Vendor-Generated STIGs Help DISA Accelerate New Technology Adoption
New technologies are introduced all the time, and every product vendor touts the advantages of its new products. But ensuring it’s safe to connect those new systems to secure military networks can be a dicey proposition.
That’s why the Defense Information Systems Agency issues STIGS – Security Technical Implementation Guides – for high-demand information technology products.
“A Security Technical Implementation Guide is a set of secure operationally configurable settings based on NIST 800-53 controls,” says Roger Greenwell, DISA’s director of Cybersecurity and its authorizing official for systems and applications used within the agency. “If a user has a STIG for a specific product, they have a guide to configure that product in a secure manner.”
STIGs do not represent DISA’s stamp of approval or official endorsement. Greenwell emphasizes it’s up to individual users to determine if the product has utility or value in a given application. Rather, they are instructions for safe use. A STIG guides installers and reviewers on the most secure implementation of a given product; so it might restrict certain services or capabilities, detail authentication requirements, or identify features that must be restricted only to administrators. Exactly what’s in the STIG depends on what the product itself actually does.
DISA issues only about 35-40 STIGs each year, far fewer than the number of products introduced to the market. But the agency no longer methodically develops every STIG itself. Instead, there are now three ways to develop a STIG – a major step to speeding up the process of getting approved guides for emerging technology products.
“We use three different methods now,” Greenwell said. “We can internally develop the STIG, do the research ourselves and write the STIG – how we started many years ago. We have a consensus effort [where] DISA partners with other entities, to include the vendor, in terms of working through what those requirements should be. Or we have Vendor-developed STIGs.”
Windows 10 is an example of a consensus effort, where DISA partnered with the Air Force and National Security Agency to develop an optimum safe configuration of the new operating system.
“The big thing we gain there,” Greenwell said, is “we get a product [into use] much faster, ultimately at lower cost to the tax payer.” Vendors can often work their STIGs in parallel with product development, so a STIG can be ready almost as soon as a new product is available. By contrast, a DISA-generated STIG can follow a product introduction by months or even longer.

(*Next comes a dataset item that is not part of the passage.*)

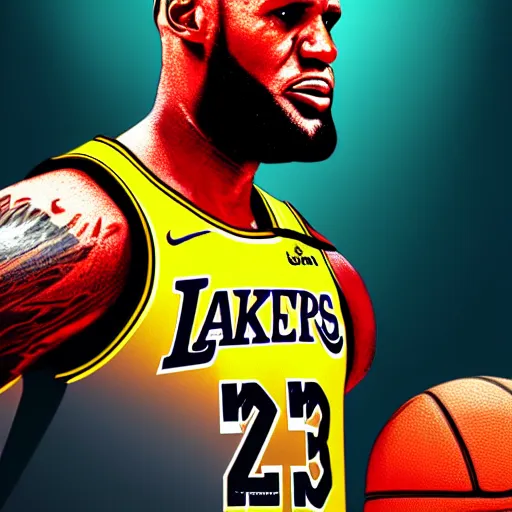 Image similar to lebron james digital art, detailed, good lighting, unreal engine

VMware recently received a STIG for its NSX software-defined networking (SDN) solution – the first SDN solution to receive a STIG, DISA officials confirmed. Approved in July, the STIG establishes guidelines for implementing SDN on defense networks, a major development for an emerging technology.
NSX enables system managers to set up and tear down networks on the fly, enabling rapidly reconfigurable connections that can increase network security by reducing potential attack vectors. Take a mission planning environment that’s shared by a dozen or more coalition partners for an exercise or true operation.

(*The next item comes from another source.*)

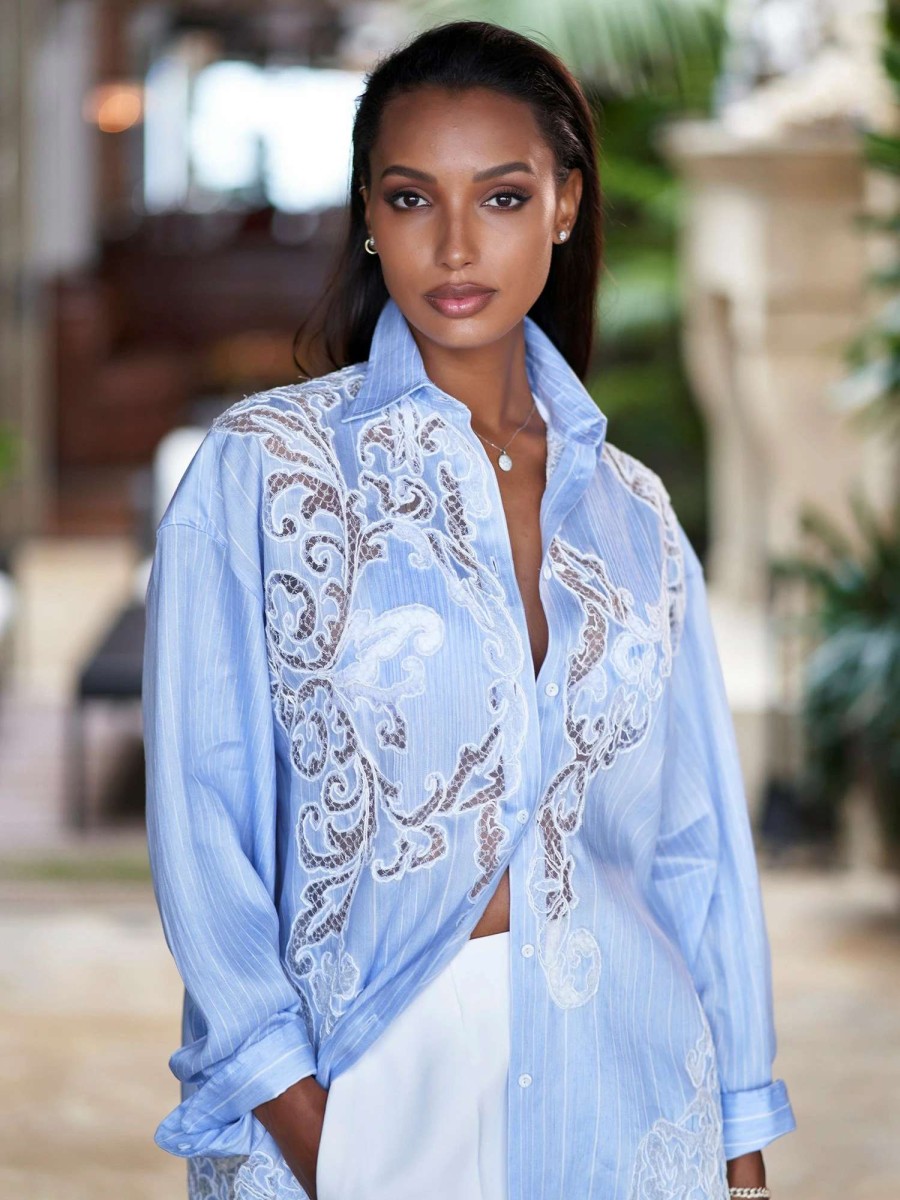 Shirts & Blouses * | Ermanno Scervino Elora Lace Linen Shirt Light Blue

Setting up multiple networks to support various levels of sharing across the group could take days or weeks and generate significant costs, only to be torn down weeks later when the event is over. But with SDN, the customer gets the same “communications path and tools they’re already familiar with from a compute standpoint,” VMware’s Federal VP Bill Rowan says, and a network that exists only in software. System managers, he explains, can “build and tear down on the fly, establishing different security parameters, as you need, for different partners.”
The result is increased security and a smaller attack surface.

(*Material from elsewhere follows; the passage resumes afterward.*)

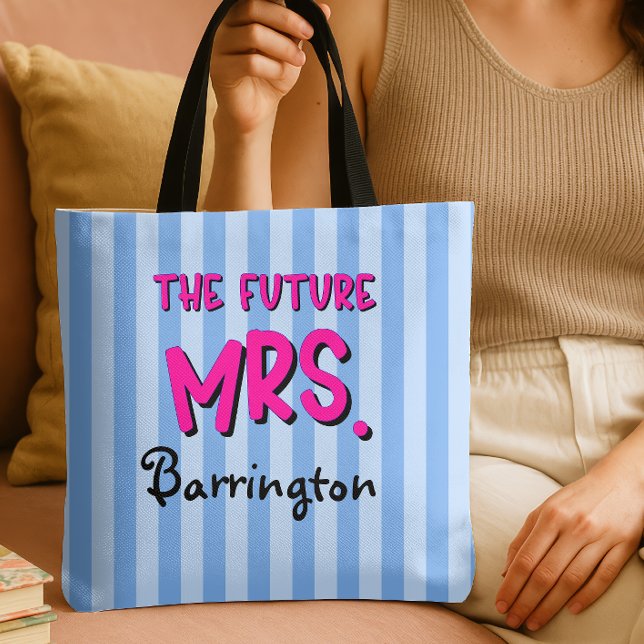 Dusty Blue Stripe Die Zukunft Frau Brides Tote Bag Tasche (Von Creator hochgeladen)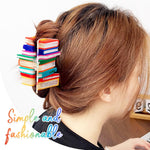 MAYCREATE Claw Clips for Women featuring Creative Book Design Acrylic Holder | 2Pcs Set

“Software defined networking provides government users with new agility” said Scott Whitman, a Sr. Principal Analyst, Information Security, at General Dynamics IT. “Existing technology enables creating mission specific virtual communities but they still depend on integration with networks that are complex and often inflexible. With SDN technology, communities of interest can be set up based on mission needs and fully resourced with network connectivity, and then completely removed once that mission is complete. Security is paramount and SDN unites automation, networking and security into a tighter footprint enabling robust data governance which is at the heart of security in cloud based technology services.”
VMware made the investment to encourage adoption now, rather than waiting for the traditional STIG process to unfold by itself. “Most information assurance professionals in agencies and commands, they like the comfort of knowing a product has a STIG,” Rowan says. “It makes them feel that at least someone else has evaluated a product.”
With so many products hitting the market each year, DISA can’t possibly keep up. “Ideally, we would have a STIG for every product,” Greenwell says. Vendor-generated STIGs opens the door to more published solutions by shifting the workload from DISA’s limited personnel to vendors who are motivated to use the STIG to help generate sales.
“Vendors are given a framework and can develop the STIG themselves, with guidance as needed from DISA,” Greenwell says. “This enables us to ensure consistency in aligning to our configuration requirements while leveraging the vendor’s expertise with the product.”
Vendors are also better situated in most cases to do the necessary documentation and decision making quickly. Greenwell acknowledges they know their products best and are happy to work with DISA to provide the necessary documentation. Indeed, VMware is already looking ahead to future versions of NSX. “We’ve already started the next iteration of the STIG – as the product evolves, the STIG has to evolve with it.”